38.小さな巨人-マダム・オガタ

文字数 1,396文字

1994年7月11日月曜日、午後2時
ルコレ・キャンプ

 UNHCR事務所全体がピリピリしていた。その本部のトップがンガラの難民キャンプを視察することになったからだ。この前のような人質事件が起きれば、どれだけのクビが飛ぶか気が気でなかったのだろう。
 慌ただしく準備するスタッフを見て、何でこの大変な時期に来るのか、という怨み言が伝わってくるようで少し同情した。

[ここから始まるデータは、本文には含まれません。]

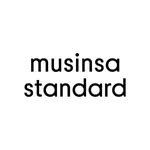 musinsa_standard 프로필 사진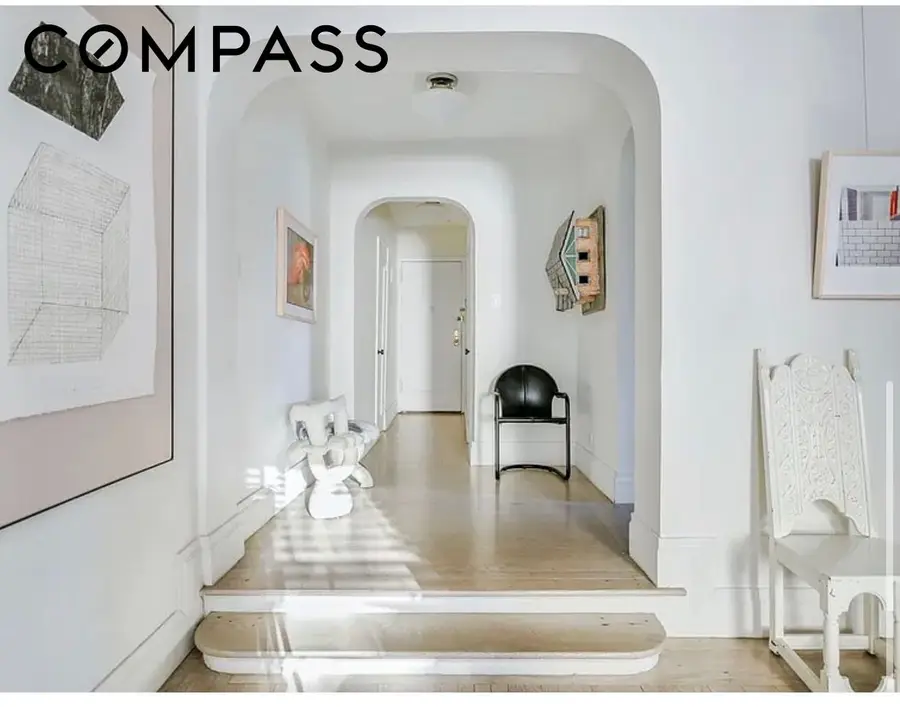 357 W 55th Street #6M, New York, NY 10019 - #3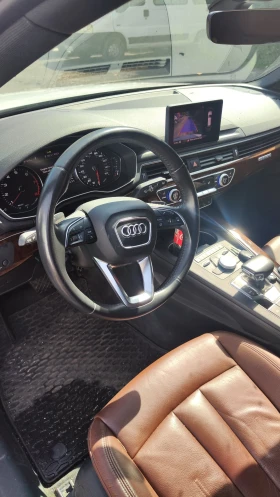 Audi A4 Allroad, снимка 5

 セキュリティー対策のためか、われわれACESには前々日の夕方になってルコレ・キャンプのクリニックへの訪問が伝えられた。


 その車列は午後3時過ぎ、予定よりも1時間以上遅れてルコレのクリニックに着いた。タンザニア警察の警護車両の後を何台もの白い車体に黒く「UN」と描かれたランドクルーザーが続く。

 車を降りたその女性は、1メートル50センチあるかないかの小柄な人だった。彼女が緒方貞子難民高等弁務官その人だった。何人もの大柄なボディーガードと秘書官らに囲まれると隠れて見えない。

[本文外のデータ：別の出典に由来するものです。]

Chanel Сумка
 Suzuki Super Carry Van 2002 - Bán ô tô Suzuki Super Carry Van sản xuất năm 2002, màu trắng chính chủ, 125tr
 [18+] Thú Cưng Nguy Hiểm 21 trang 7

 「金魚の糞」とはよく言ったものだ。ボディーガードに囲まれた彼女の後をぞろぞろと、タンザニア政府、国連関係者、現地外交団関係者、そしてマスコミが続く。

 ルコレ・キャンプのクリニックの案内はベンが行った。UNHCRの資金でクリニックと託児所が運営されていることを感謝し、ルコレ・キャンプの状況などを簡単に説明した。

「これからもルワンダ難民への支援をお願いします」 彼女はそう言って手を差し出した。
「はい」 と、しか言えなかったが、その小さな手からは想像出来ない強い握手が印象的だった。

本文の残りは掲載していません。